Besides, being able to watch other people unseen made me think of secrets, things I had not told Vanessa . . . things that still threatened to swell and engulf me with the evidence of my duplicity. In Silver Bay, for the most part, I had managed to forget my own actions, losing them in distance and different time zones, and because I now felt, half the time, as if I were living someone else’s life. But in the silent hours before dawn there were no distractions. There was little way of escaping the truth about myself.
Then, before I could ponder these and other such matters of the small hours any longer, Dennis had rung, apparently heedless of the time difference, explosive with barely suppressed fury at his enforced bedridden state and insisted on me detailing every conversation, every step I had taken towards the progression of the development. He was hard to reassure at the best of times, but nigh on impossible when he was in this mood. In the office, when he was like this, we would disappear to imaginary meetings and lie low until, like a hurricane, he had blown himself out. A man of extremes, for ninety per cent of the time he could be the most generous, upbeat character, the kind of person who makes you want to be a better version of yourself, who makes you perform beyond what you had believed was your reach. This was one of the reasons I wanted to work for and with him. But for the remainder he could be simply bloody.

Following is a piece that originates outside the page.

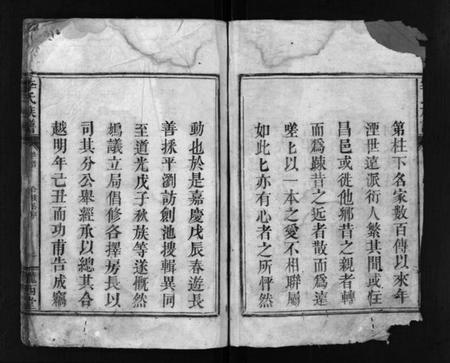 湖南李氏族谱-李氏族谱 [残卷].pdf电子版插图3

‘Have you secured the planning permission?’ he demanded.
‘It doesn’t work that quickly here.’ I twisted my pen in my fingers, wondering why this man, who was allegedly not that much more than my partner, my equal, could bring me out in an adolescent sweat even at a distance of twelve thousand miles. ‘I told you so before I came.’

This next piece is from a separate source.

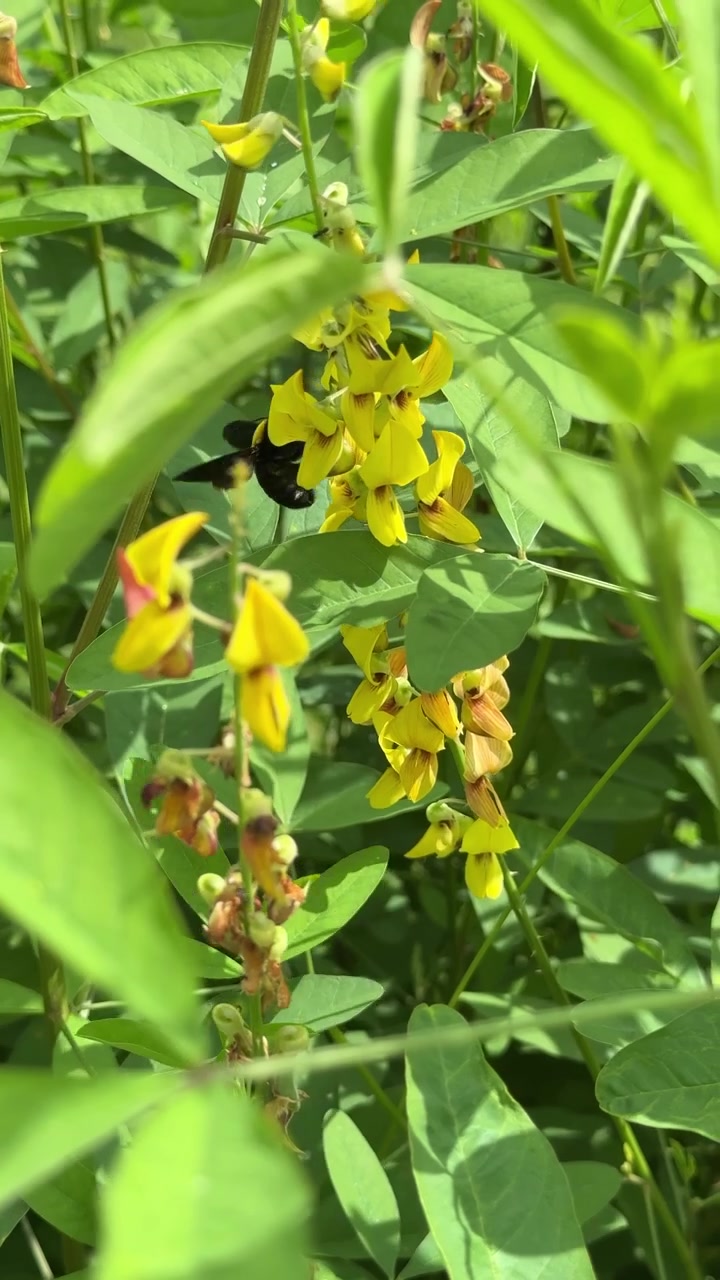Close-up of a Bumblebee Pollinating Yellow Flowers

‘You know that’s not what I want to hear. I need it to be a done deal, Mike.’
‘There may be a few problems with . . . the ecological side of things.’
‘What the hell does that mean?’
‘The watersports might . . . be considered to impact negatively on the local sea life.’

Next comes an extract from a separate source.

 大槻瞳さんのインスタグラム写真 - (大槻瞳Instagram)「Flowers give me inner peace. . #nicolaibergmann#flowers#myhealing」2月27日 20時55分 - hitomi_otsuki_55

‘It’s a bay!’ he spluttered. ‘It’s a bay that’s held ships, oyster beds, speedboats, you name it. Has done for a hundred years. How can our fun and games off one tiny bit of shoreline be thought to affect anything?’
‘We may get a bit of resistance from the whale-watchers.’
‘Whale-watchers? What are they, a load of Greenpeace-loving lentil-eaters?’
‘They’re the most important tourism attraction in the bay.’
‘So what the hell do they do day in, day out?’
I stared at the receiver. ‘Um, watch whales? . . .’
‘My point exactly. And what the hell do they watch the whales in?’
‘Boats.’
‘Yachts? Rowboats?’
‘Motorboats.’ I could see where he was going.
When I looked out of the window again everyone, even the whale, was gone.
At around six I heard the screen door, and arrived at the bottom of the stairs to find Kathleen peeling off her wet coat in the hall. In the pale glow of the morning light, she looked done in, somehow older and frailer than she had twelve hours earlier, her movements muddied by exhaustion. Liza wasn’t behind her.
‘Let me take your coat,’ I said.
She brushed me aside. ‘Don’t fuss,’ she said, and from her tone I guessed the fate of the baby whale. ‘Where’s Hannah?’
‘Still asleep.’ It was more than could be said for Liza’s dog, who had scratched at the door and whined from the moment they had left.